It has been a little while since the last blog and I have been debating what topic I should write about. The other night this topic suddenly came to mind, I think there are a number of reasons for that. Some of the reasons are as follows:
I will talk about some concepts, which might or might not be supported by software. I am not seeking to promote any specific software but rather a concept. What one does need to bear in mind is that even though most or all of the software required to achieve the unattended operation of AutoSys is available from CA, other vendors do also have products in that space. The one really big advantage of using CA software is the close integration between the CA products.
For clarity I will share my idea of the meaning of Dark site operations. Dark site operations is/was also known as lights out operation. This means that the idea is to have as much of your data center operations automated as possible to enable your data center to operate with no or little human intervention. The initial term of lights out operation came from the idea of having your data center operations automated to such a degree that you turn off the lights and lock the data center without having to return. We all know that this is a rather ambitious desire, but I believe that we can get very close.
I will focus on achieving an unattended AutoSys operation, not your entire data center. To achieve the unattended operation of AutoSys I have broken it into several sections below.
Job Failure monitoring
The first function or section we need to consider is Job Failure monitoring. This is possibly one of the easier tasks to do. Firstly we need to have systems or network monitoring solution like CA Unicenter NSM or Netcool to which we can send the SNMP traps for the job failures. We also need to have a helpdesk system such as CA Service Desk or Remedy. Again here the advantage of the CA solutions is the out of the box integration with them. When there is a job failure we need the Systems monitoring tool to be notified. Ideally at that point you want to enrich the data with information such as Re-run information, call out procedures, helpdesk ticket queues. Once we have enriched the data we want to automatically raise a issue on the helpdesk system and have it assigned to the correct queue for resolution. The helpdesk system will naturally take care of the escalation and resolution SLA monitoring. Once the relevant support team has fixed the error that caused the job to fail, we need to have a mechanism for the restarting of the job. The ideal solution would be a Process automation tool where the automated process could be triggered and then it will then acquire approval for the restart of the job and once that has been obtained it will automatically issue the FORCE_STARTJOB to re-run the job. The circle needs to be closed with the resolution of the helpdesk ticket when the job completes successfully. The process should also allow for a job not being re-run but the next job being force started, or the job just being changed to a success status.
AutoSys Maintenance
Now we need to consider the maintenance of AutoSys itself. Firstly there is the DBMAINT tasks that need to be performed, by default they are run automatically by AutoSys. There is no notification of any failure other than log entries as the DBMaint is run internally to AutoSys. So the first thing that should be done is to split the DBMAINT script into a number of AutoSys jobs so that if there is a failure the normal job failure process takes over and someone is notified to resolve the problem. Some additional tasks should also be added to the maintenance jobs, some being the clean_files utility and the chase utility. There are also some log files that need to be archived, and/or deleted and a script should be developed to do this.
AutoSys error monitoring
Firstly you need to have a similar automated process in place for AutoSys related errors that are sent via SNMP traps to the systems management tool as that which exists for job failures. Where possible we can have automated recovery processes created as the resolution. An example would be if your AutoSys environment is running in HA and there is a failover. When the failing component is repaired you want an automated process to do the autobcp to re-synchronise your databases and start AutoSys back up. The AutoSys log files should also be monitored for error or failure messages that do not generate SNMP traps. Something else that you might want to monitor for and generate alerts for is any of the agent machines that go offline as that could cause delays to the batch.

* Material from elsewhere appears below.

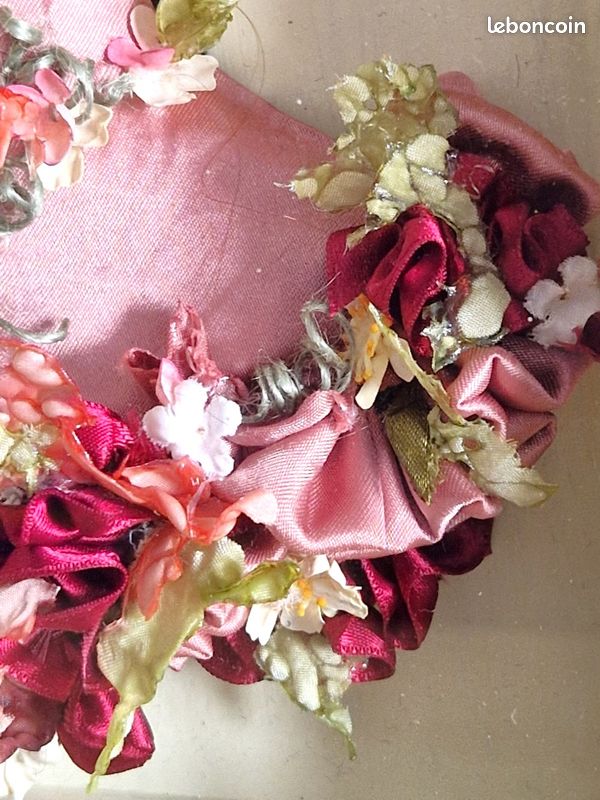 Cadre sous verre décoratif romantique 3D - Buste de poupée jeune femme style victorien et fleurs en tissu" (image 9)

AutoSys performance monitoring
You need to have some performance metrics gathered from AutoSys and automated trending done to create alerts if the performance goes outside of your acceptable range. The performance monitoring I am talking about here is Average latency, un-processed queue length etc. In most instances you can have some automated data gathering when performance is outside of the accepted boundaries which will assist the person who would get the ticket assigned. In fewer cases there might be some automated mitigation processes that could be run.
Automated SLA monitoring
For the SLA monitoring you would use a tool like JAWS which not only does the SLA monitoring and reporting, but can also generate alerts for SLA breaches or even possible SLA breaches. The alerts can be sent to an SNMP manager and the whole automated ticketing process can be utilised.
Automated reporting
The business objects reporting server provided with AutoSys R11 allows you to schedule the running and delivery of defined reports. Reports can be published to a website or to a SharePoint server. Alternatively reports can be saved on a central location or emailed to a user or distribution list. Access can be granted to users who require reports so that they may run them as and when required.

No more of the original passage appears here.